__HOW TO COMPLETE THIS TASK__
All of the data goes into your copy exactly as written. Images do not.

+ + + + + + +

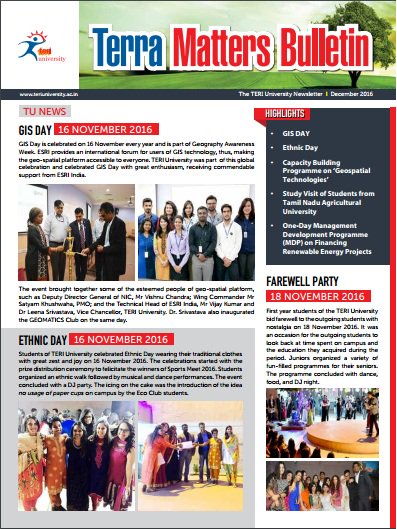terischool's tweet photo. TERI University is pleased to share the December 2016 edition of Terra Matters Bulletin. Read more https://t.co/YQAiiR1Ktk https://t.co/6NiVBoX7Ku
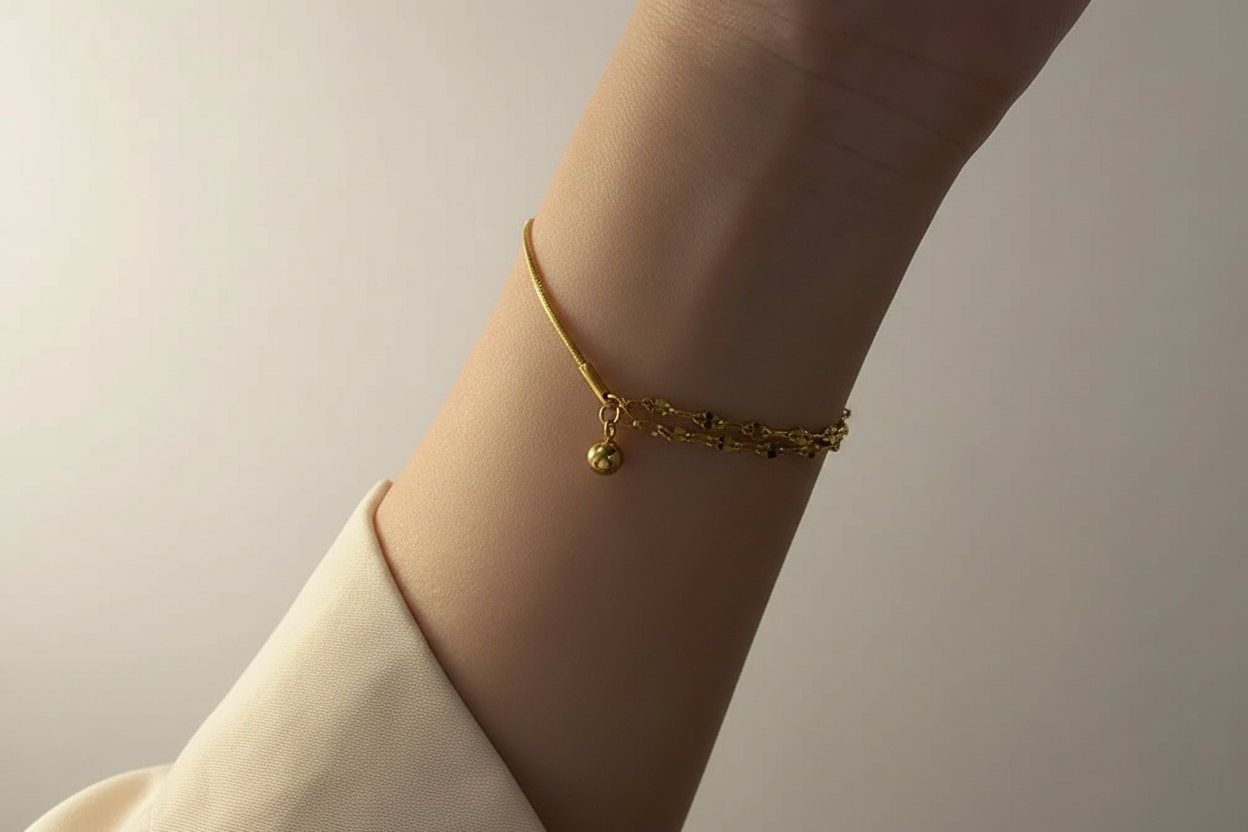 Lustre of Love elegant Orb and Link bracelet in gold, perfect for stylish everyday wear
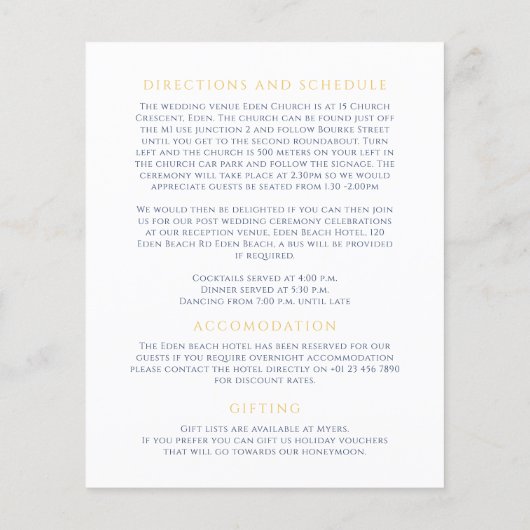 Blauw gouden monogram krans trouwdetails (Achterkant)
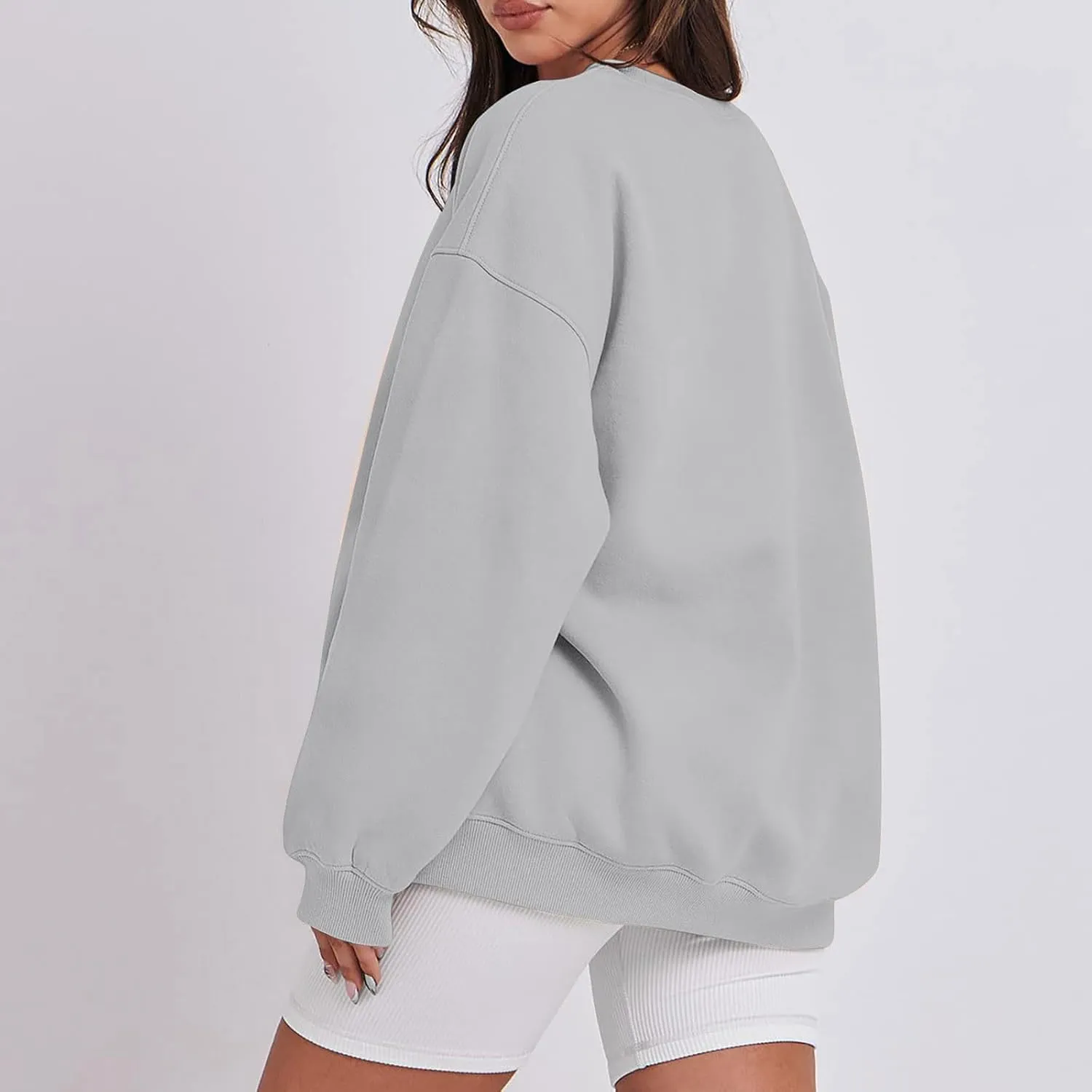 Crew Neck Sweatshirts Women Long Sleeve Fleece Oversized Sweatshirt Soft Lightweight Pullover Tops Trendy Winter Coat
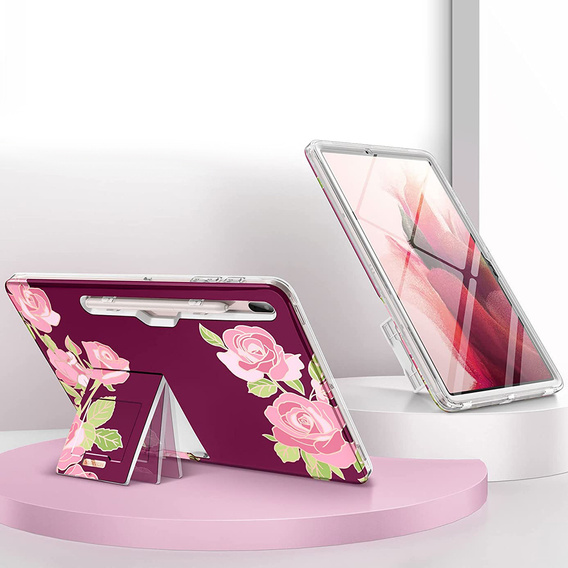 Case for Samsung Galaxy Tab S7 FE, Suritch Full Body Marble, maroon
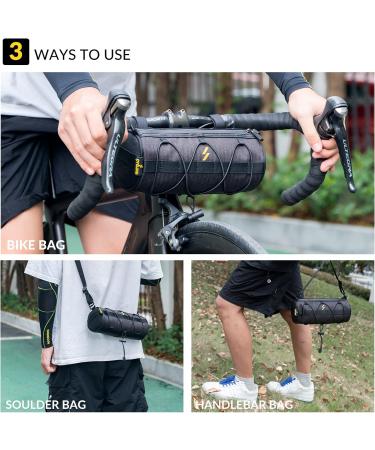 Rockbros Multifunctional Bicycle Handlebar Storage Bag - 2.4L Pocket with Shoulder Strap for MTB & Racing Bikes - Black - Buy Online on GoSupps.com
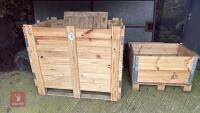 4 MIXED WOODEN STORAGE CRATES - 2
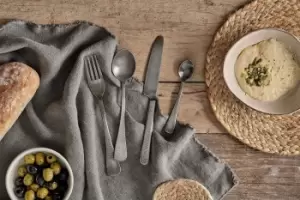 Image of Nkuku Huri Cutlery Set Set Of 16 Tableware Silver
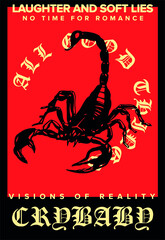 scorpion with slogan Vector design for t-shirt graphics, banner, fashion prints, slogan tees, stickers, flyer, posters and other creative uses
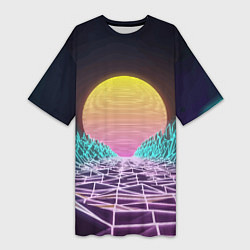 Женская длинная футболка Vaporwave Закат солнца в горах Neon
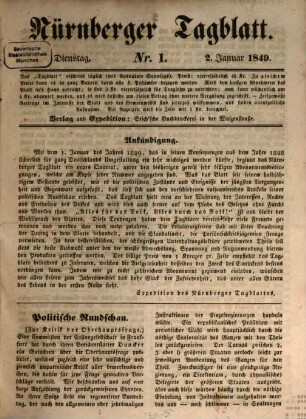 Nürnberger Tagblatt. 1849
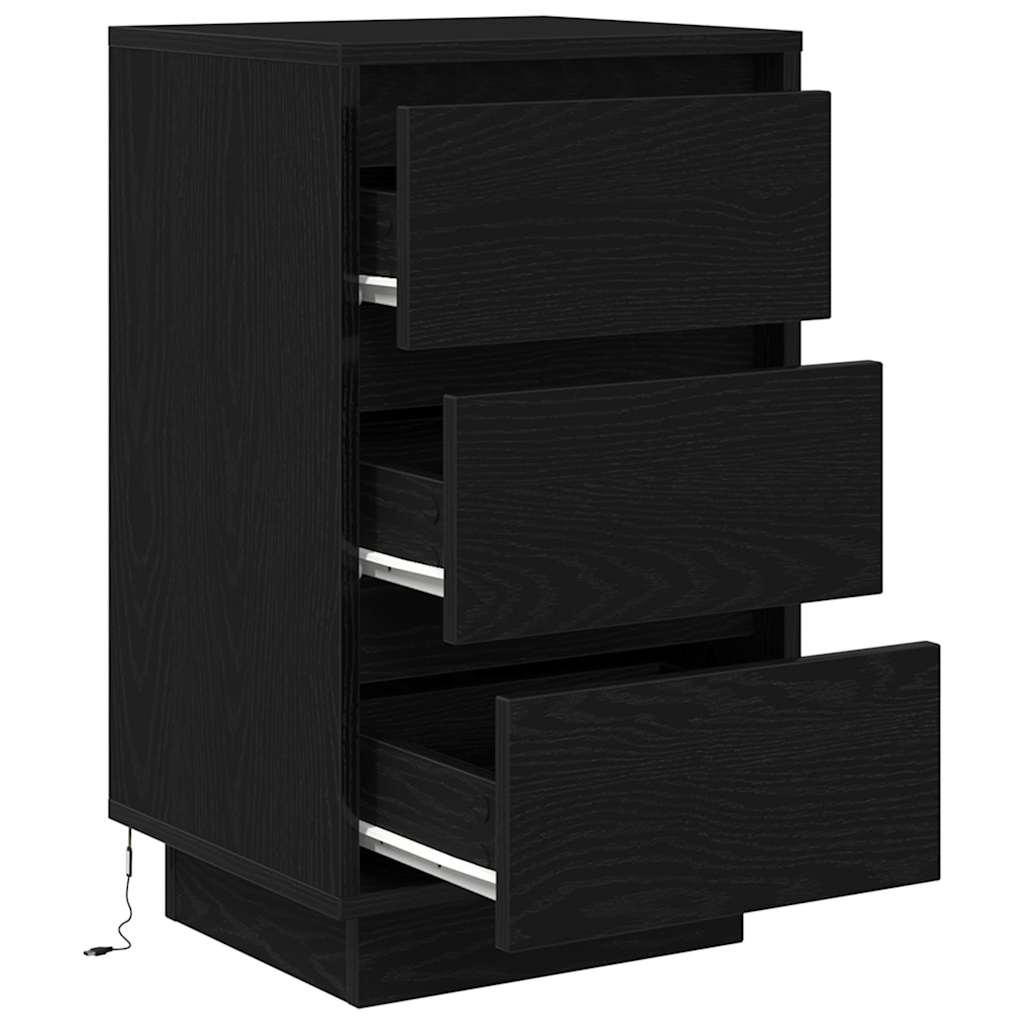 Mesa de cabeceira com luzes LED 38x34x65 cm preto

+ + + + + + +

__ANSWER__
terischool's tweet photo. TERI University is pleased to share the December 2016 edition of Terra Matters Bulletin. Read more https://t.co/YQAiiR1Ktk https://t.co/6NiVBoX7Ku
 Lustre of Love elegant Orb and Link bracelet in gold, perfect for stylish everyday wear
 Blauw gouden monogram krans trouwdetails (Achterkant)
 Crew Neck Sweatshirts Women Long Sleeve Fleece Oversized Sweatshirt Soft Lightweight Pullover Tops Trendy Winter Coat
 Case for Samsung Galaxy Tab S7 FE, Suritch Full Body Marble, maroon
 Rockbros Multifunctional Bicycle Handlebar Storage Bag - 2.4L Pocket with Shoulder Strap for MTB & Racing Bikes - Black - Buy Online on GoSupps.com
 4 MIXED WOODEN STORAGE CRATES - 2
 Image of Nkuku Huri Cutlery Set Set Of 16 Tableware Silver
 scorpion with slogan Vector design for t-shirt graphics, banner, fashion prints, slogan tees, stickers, flyer, posters and other creative uses
 Женская длинная футболка Vaporwave Закат солнца в горах Neon
 Nürnberger Tagblatt. 1849
 Mesa de cabeceira com luzes LED 38x34x65 cm preto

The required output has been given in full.